Exactly and only the lines from the one with "Bath - 6407" through the last line of the records need to be set down; please skip the pictures.
START Recorded information
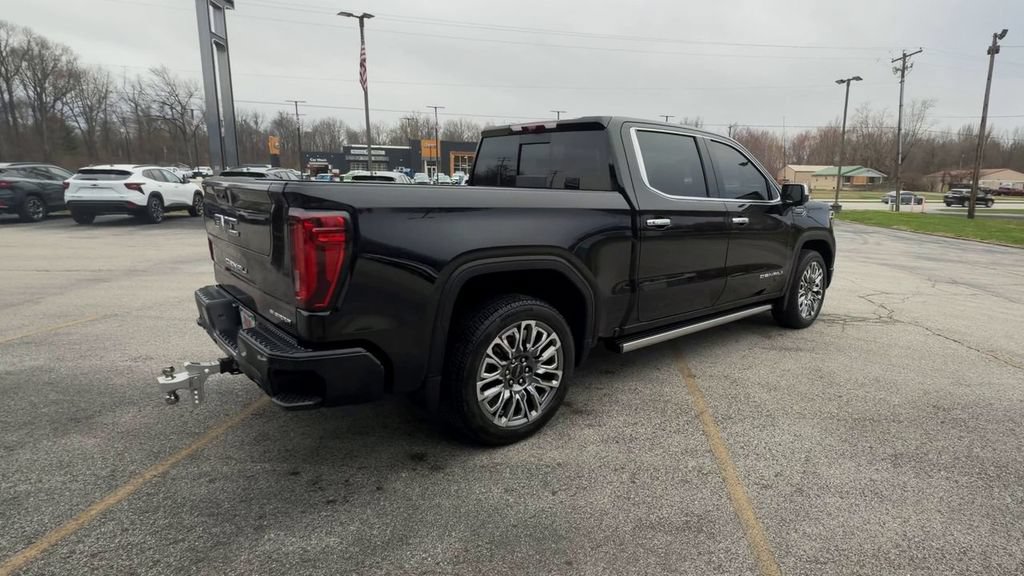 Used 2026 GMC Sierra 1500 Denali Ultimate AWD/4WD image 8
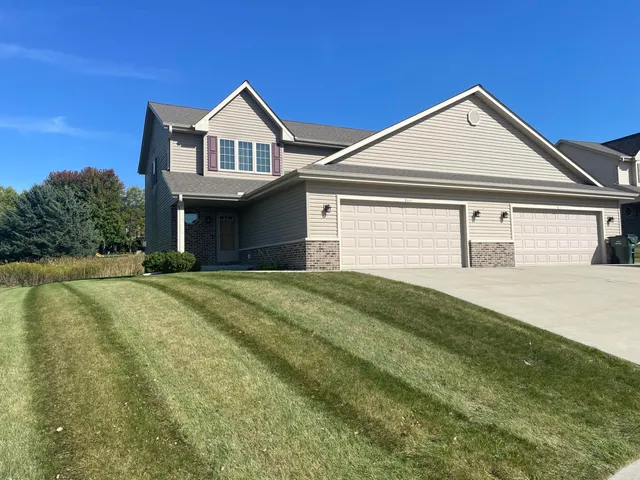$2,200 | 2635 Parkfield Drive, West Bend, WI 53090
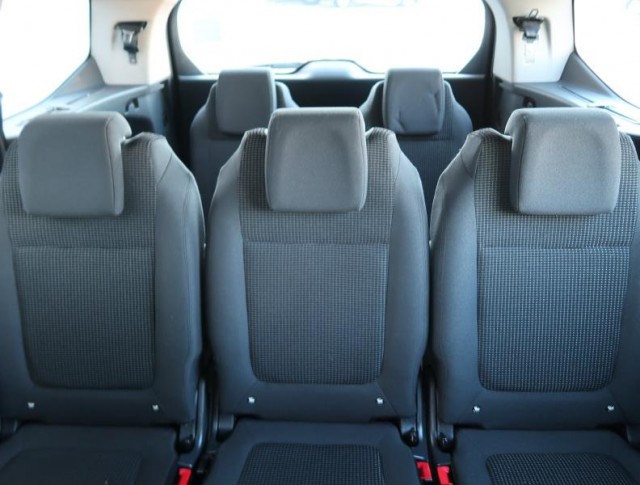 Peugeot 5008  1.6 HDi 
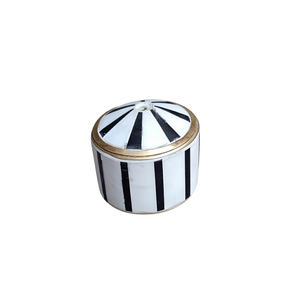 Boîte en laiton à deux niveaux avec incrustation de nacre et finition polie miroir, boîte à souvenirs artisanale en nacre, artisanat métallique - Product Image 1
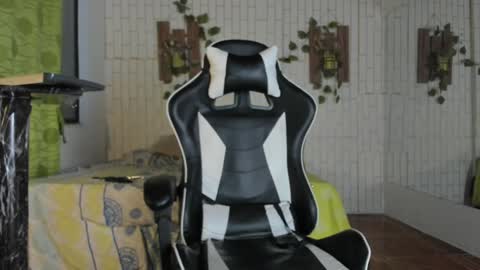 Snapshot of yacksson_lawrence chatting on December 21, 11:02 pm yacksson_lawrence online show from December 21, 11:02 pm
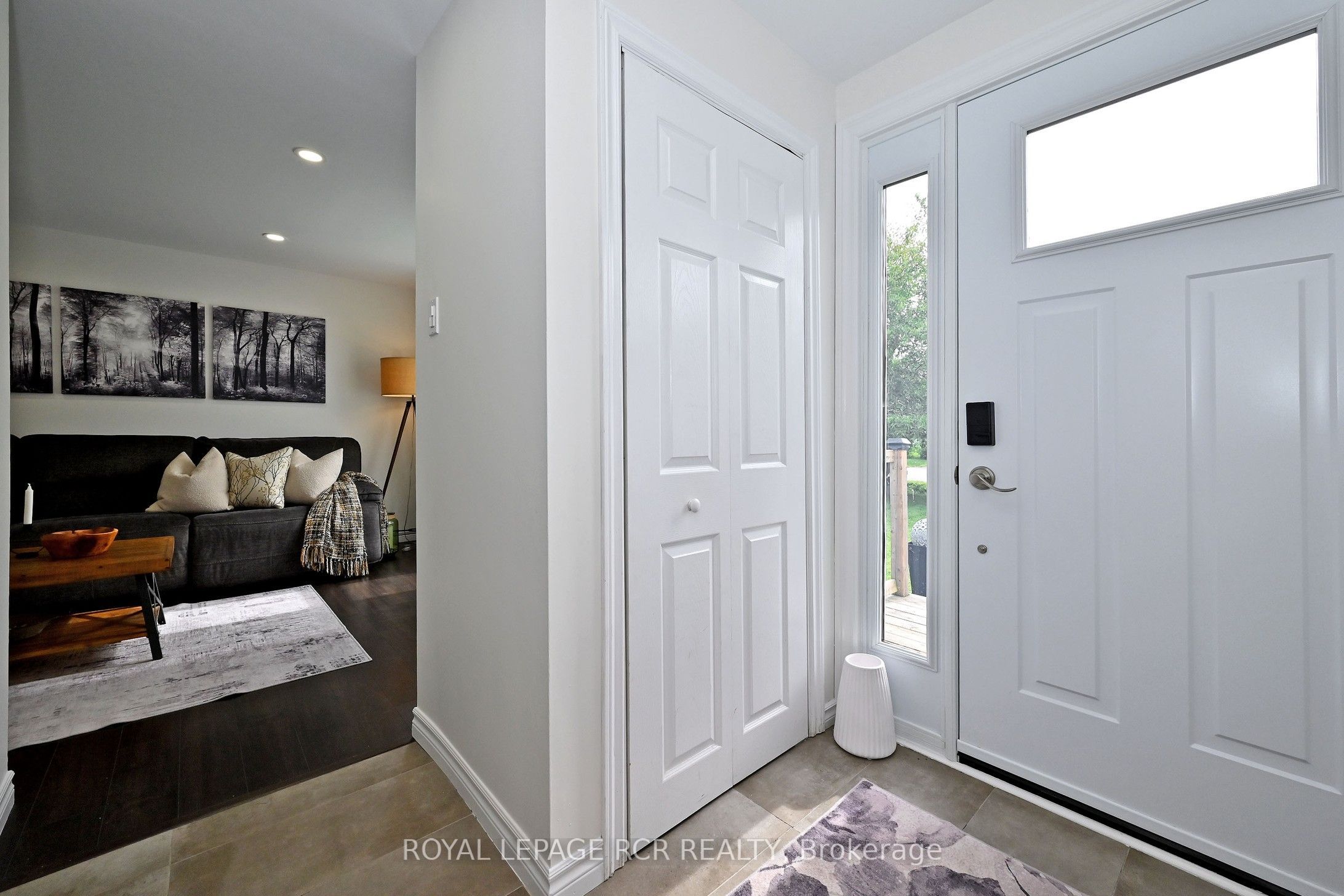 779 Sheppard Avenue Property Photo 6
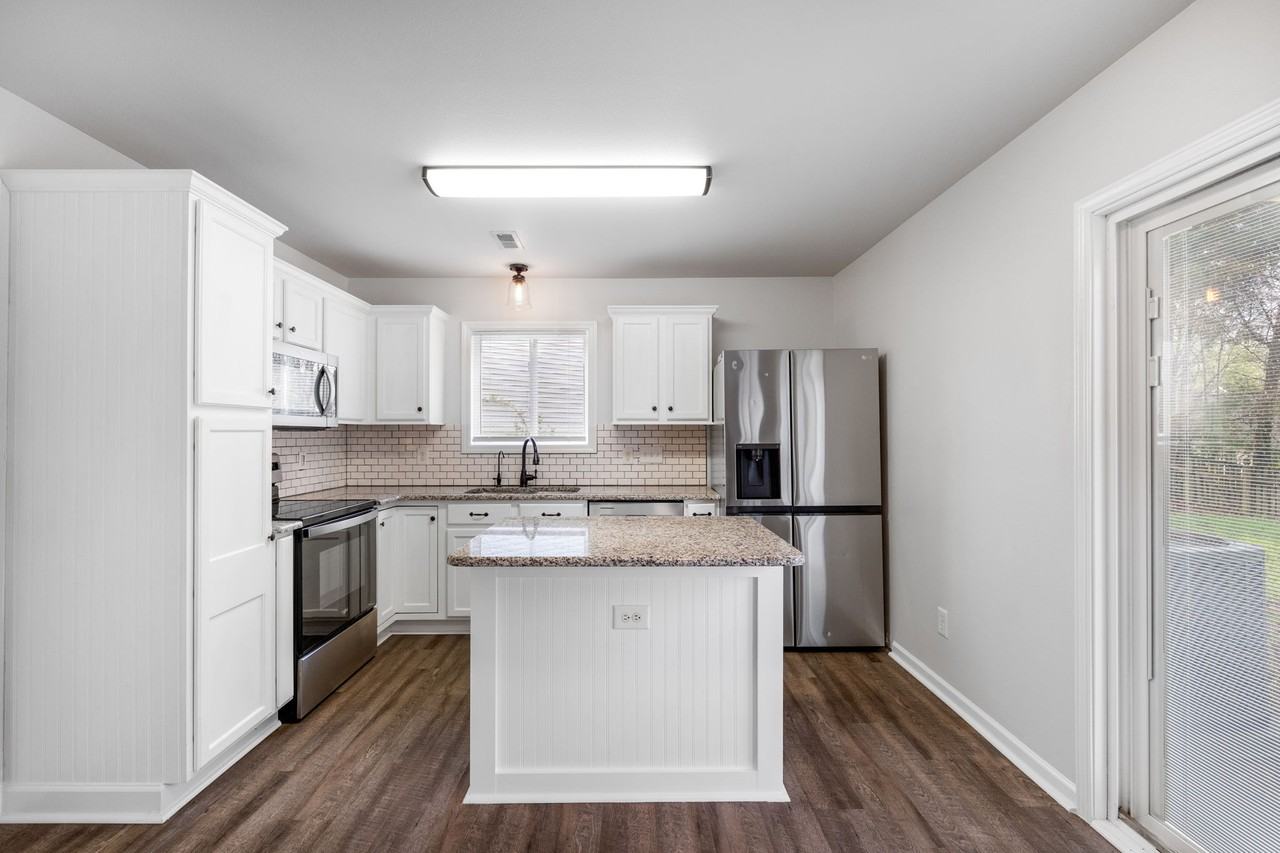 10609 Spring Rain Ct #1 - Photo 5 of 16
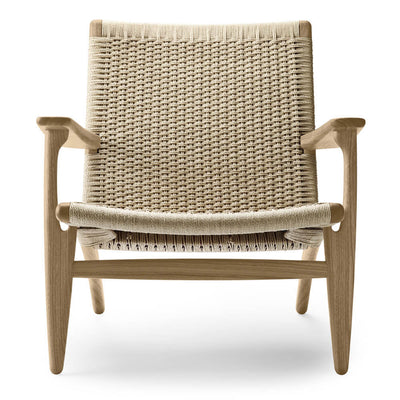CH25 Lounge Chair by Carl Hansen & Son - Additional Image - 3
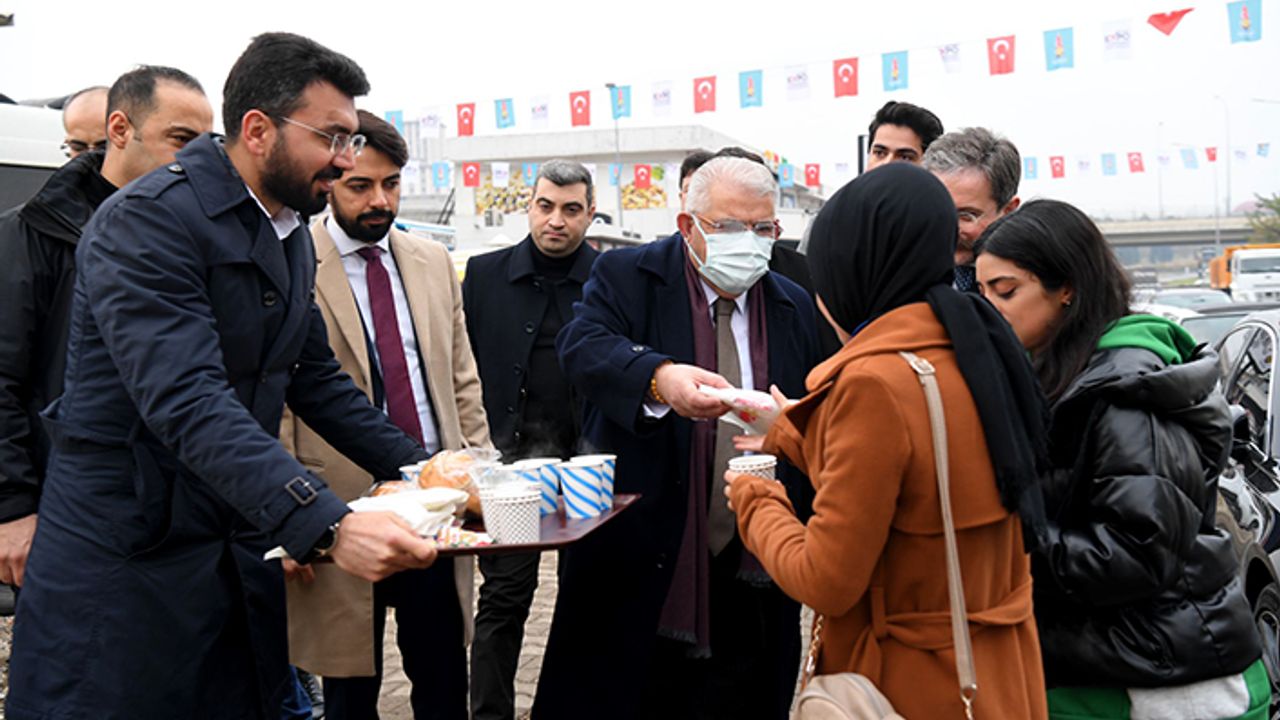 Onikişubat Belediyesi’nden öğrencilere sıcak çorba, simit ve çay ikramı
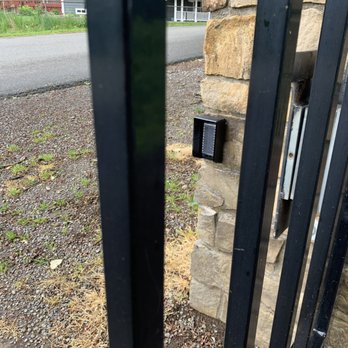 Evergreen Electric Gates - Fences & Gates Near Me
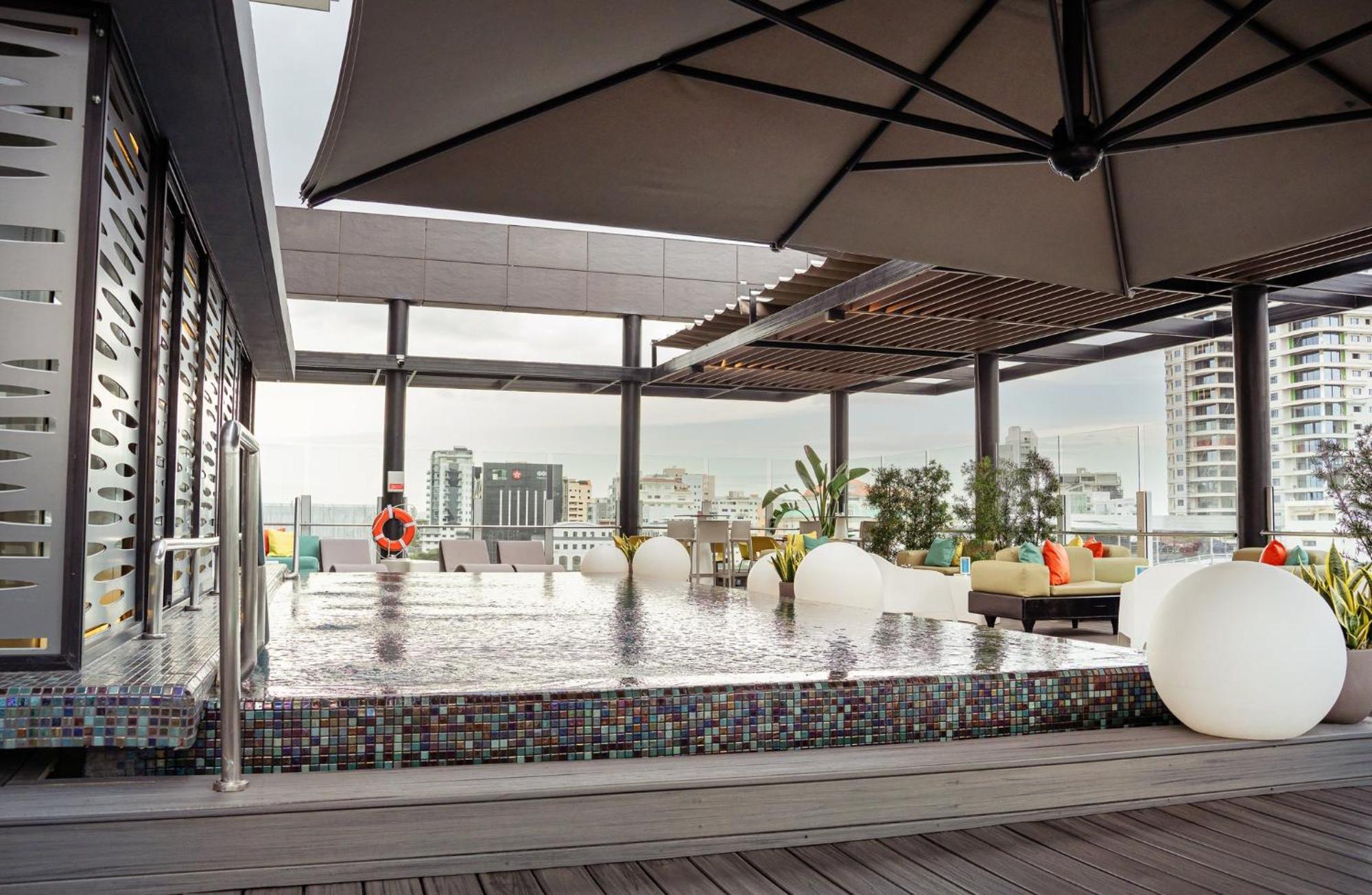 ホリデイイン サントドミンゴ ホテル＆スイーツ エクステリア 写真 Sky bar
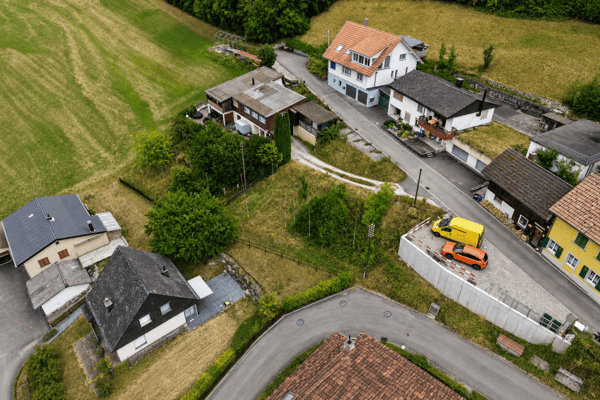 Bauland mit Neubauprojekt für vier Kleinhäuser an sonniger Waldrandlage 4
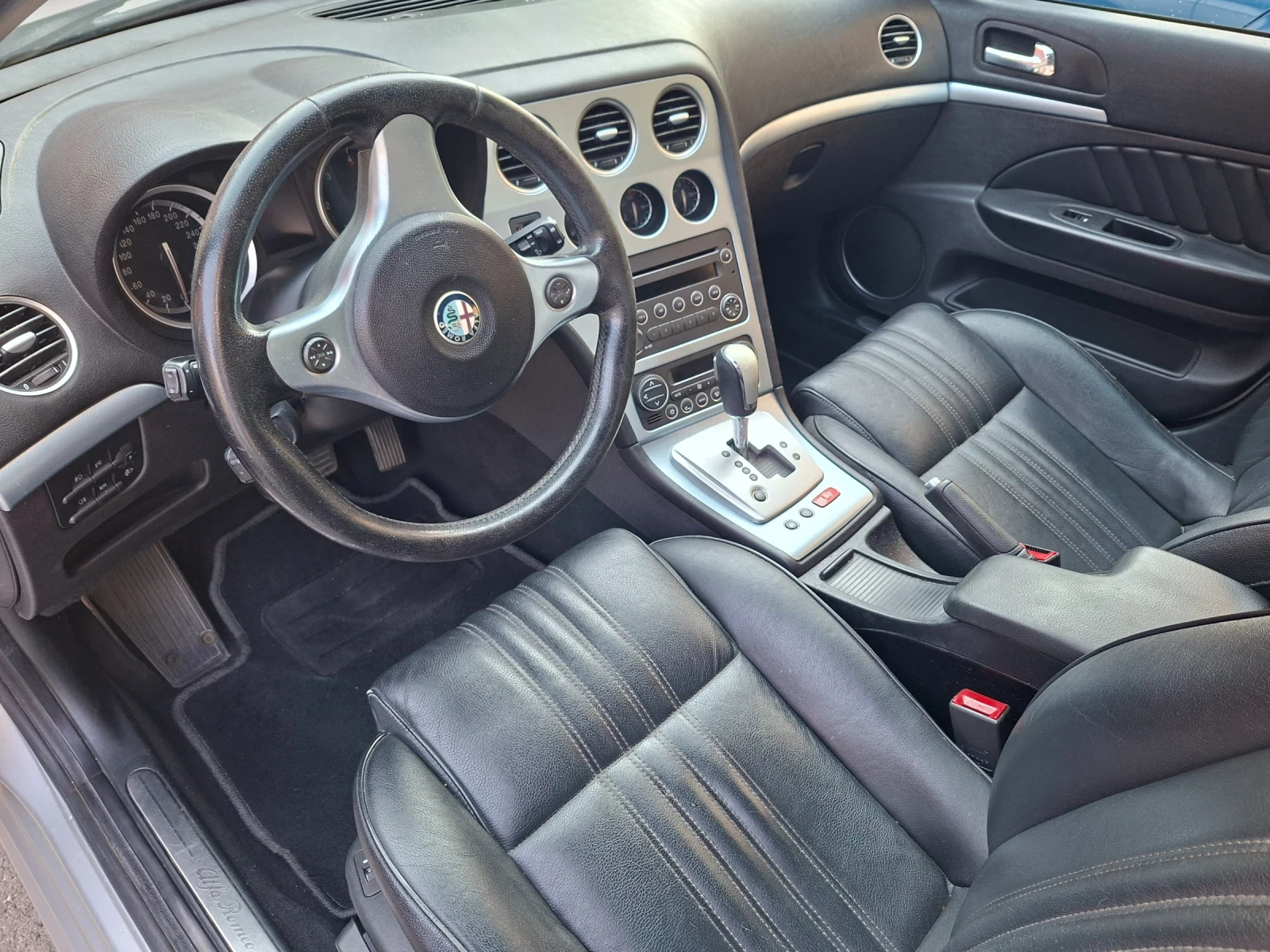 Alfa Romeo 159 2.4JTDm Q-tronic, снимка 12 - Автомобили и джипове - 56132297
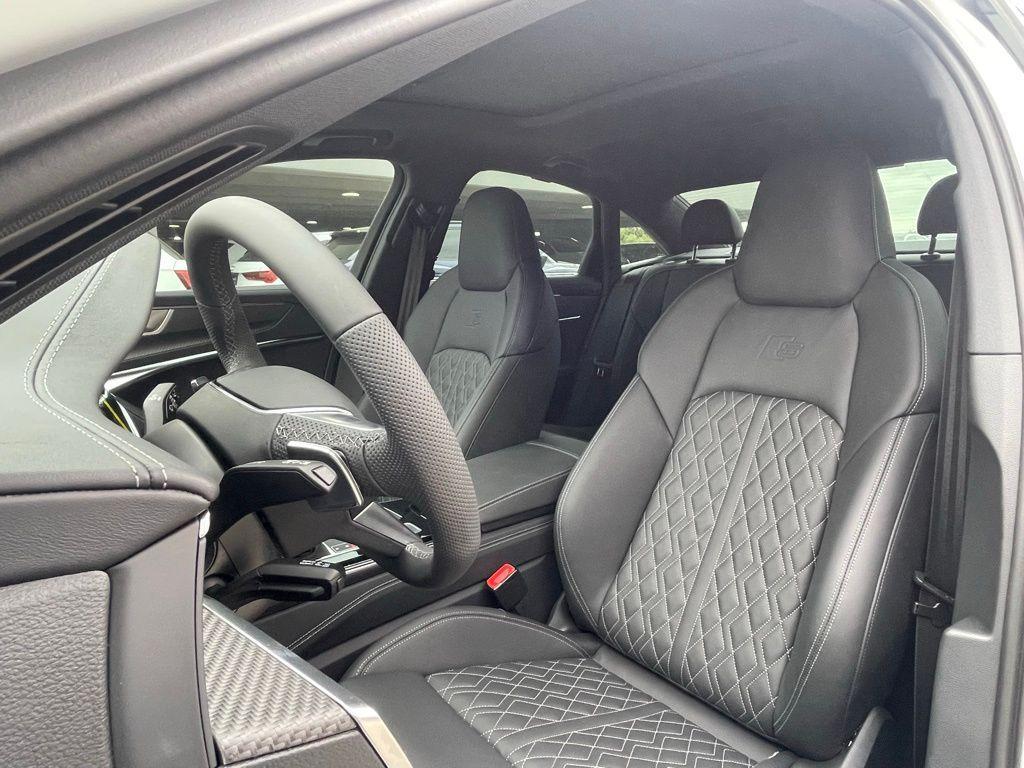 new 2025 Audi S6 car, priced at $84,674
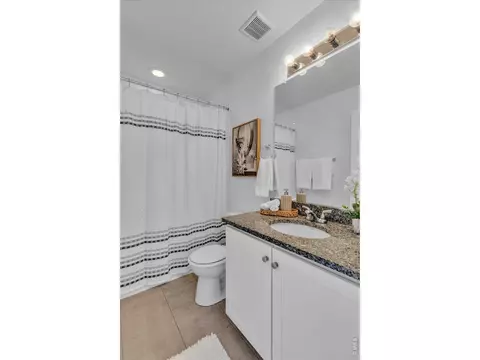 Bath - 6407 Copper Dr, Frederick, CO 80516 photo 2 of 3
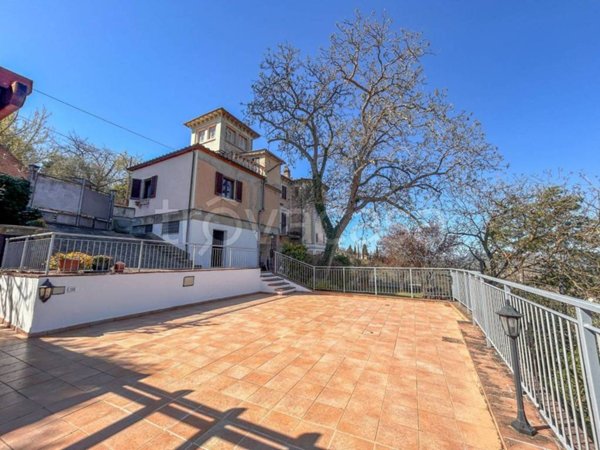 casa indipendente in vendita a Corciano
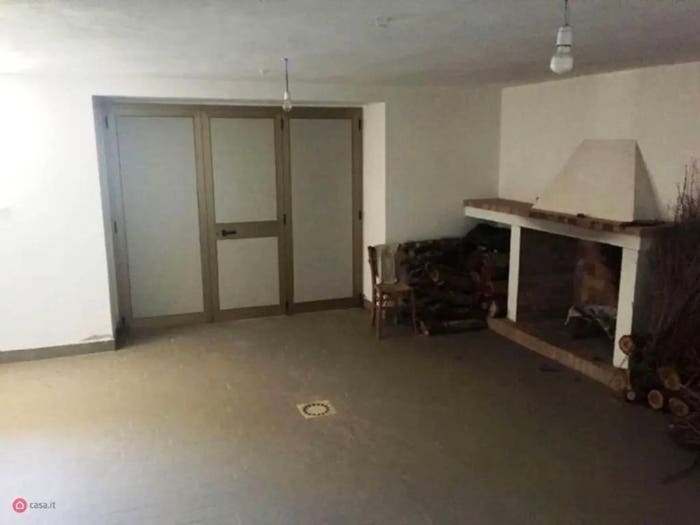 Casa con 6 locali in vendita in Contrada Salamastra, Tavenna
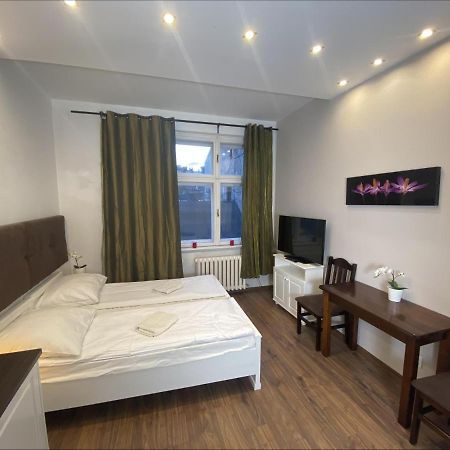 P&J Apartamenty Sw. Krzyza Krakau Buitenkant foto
END Recorded information
• **Exercise result**:
 Bath - 6407 Copper Dr, Frederick, CO 80516 photo 2 of 3
 casa indipendente in vendita a Corciano
 Casa con 6 locali in vendita in Contrada Salamastra, Tavenna
 P&J Apartamenty Sw. Krzyza Krakau Buitenkant foto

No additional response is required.